Bitcoin is facing two big challenges for long-term survival. If you’re involved in the Bitcoin ecosystem or you’re invested in the BTC token, you need to be aware of these.
Before we dive, I want to be completely transparent with my views, positions, and biases. I do not hold any BTC myself. I do, however, hold a significant portion of my portfolio in ETH and other ERC20 tokens which obviously rely on the Ethereum network. This is an important note because I draw some comparisons between the Bitcoin and Ethereum networks in this article. Although my aim is to be objective, I want my financial incentive and bias to be clearly stated.

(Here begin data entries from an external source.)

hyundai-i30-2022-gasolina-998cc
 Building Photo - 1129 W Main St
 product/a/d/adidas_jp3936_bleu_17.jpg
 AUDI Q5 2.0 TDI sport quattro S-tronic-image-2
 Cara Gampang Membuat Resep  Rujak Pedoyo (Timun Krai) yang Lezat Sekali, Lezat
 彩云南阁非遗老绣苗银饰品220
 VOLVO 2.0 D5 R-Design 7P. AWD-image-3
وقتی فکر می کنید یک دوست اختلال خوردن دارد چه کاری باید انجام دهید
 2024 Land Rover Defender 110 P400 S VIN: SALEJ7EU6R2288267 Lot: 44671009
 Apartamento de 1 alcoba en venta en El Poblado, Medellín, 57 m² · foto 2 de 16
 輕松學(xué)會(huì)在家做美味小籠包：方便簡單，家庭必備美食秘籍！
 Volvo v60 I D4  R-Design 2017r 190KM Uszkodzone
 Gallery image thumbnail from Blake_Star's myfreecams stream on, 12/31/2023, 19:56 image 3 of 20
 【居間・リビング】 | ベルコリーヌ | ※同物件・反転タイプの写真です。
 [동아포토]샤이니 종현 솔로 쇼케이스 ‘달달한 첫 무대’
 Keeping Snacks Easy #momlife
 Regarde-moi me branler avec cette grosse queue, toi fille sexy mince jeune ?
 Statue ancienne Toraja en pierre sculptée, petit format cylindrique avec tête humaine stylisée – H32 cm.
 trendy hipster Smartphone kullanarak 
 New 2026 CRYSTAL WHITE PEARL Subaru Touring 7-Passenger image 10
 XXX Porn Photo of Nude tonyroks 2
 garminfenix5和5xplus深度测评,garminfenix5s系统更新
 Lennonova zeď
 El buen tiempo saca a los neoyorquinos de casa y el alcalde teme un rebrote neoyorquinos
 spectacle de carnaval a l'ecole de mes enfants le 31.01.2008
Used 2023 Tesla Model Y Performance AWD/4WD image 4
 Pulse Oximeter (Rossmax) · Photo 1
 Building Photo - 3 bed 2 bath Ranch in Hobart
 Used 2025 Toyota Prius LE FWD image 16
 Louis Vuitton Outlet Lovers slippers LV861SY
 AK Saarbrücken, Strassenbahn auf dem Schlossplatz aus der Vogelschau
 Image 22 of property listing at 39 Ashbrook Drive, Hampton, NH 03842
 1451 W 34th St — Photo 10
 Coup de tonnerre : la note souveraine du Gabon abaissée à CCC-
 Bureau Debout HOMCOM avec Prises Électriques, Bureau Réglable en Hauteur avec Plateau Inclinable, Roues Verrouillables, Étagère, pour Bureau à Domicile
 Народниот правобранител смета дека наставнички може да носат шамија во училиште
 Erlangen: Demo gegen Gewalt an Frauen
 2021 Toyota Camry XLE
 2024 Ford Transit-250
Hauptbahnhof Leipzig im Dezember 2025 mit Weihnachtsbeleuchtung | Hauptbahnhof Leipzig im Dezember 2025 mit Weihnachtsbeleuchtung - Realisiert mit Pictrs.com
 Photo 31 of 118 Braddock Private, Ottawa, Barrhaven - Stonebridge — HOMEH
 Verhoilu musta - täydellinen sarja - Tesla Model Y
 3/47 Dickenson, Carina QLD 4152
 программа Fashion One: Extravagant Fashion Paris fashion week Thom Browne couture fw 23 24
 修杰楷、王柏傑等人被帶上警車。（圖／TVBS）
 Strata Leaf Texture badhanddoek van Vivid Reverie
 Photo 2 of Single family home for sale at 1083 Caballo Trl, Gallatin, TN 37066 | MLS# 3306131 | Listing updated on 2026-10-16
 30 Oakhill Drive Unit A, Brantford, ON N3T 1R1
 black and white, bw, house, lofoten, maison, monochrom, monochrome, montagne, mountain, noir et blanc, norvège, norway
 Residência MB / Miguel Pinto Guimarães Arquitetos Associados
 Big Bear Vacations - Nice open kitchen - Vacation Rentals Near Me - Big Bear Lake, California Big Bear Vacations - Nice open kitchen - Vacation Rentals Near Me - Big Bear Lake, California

With that out of the way, let’s dive in!
Why Bitcoin? Well, it’s the oldest and most valuable blockchain network by market cap and up until now, it’s been a reliable indicator of how the crypto market is doing as a whole. It’s also the most well known network out there in terms of mainstream media coverage (at least prior to The Merge). Many people look to Bitcoin to determine the health of the crypto market at any given time. This used to be a reliable approach but the future of Bitcoin, however, is much more uncertain than you might think. The king of crypto faces massive long-term security risks which will be challenging, if not impossible, to overcome.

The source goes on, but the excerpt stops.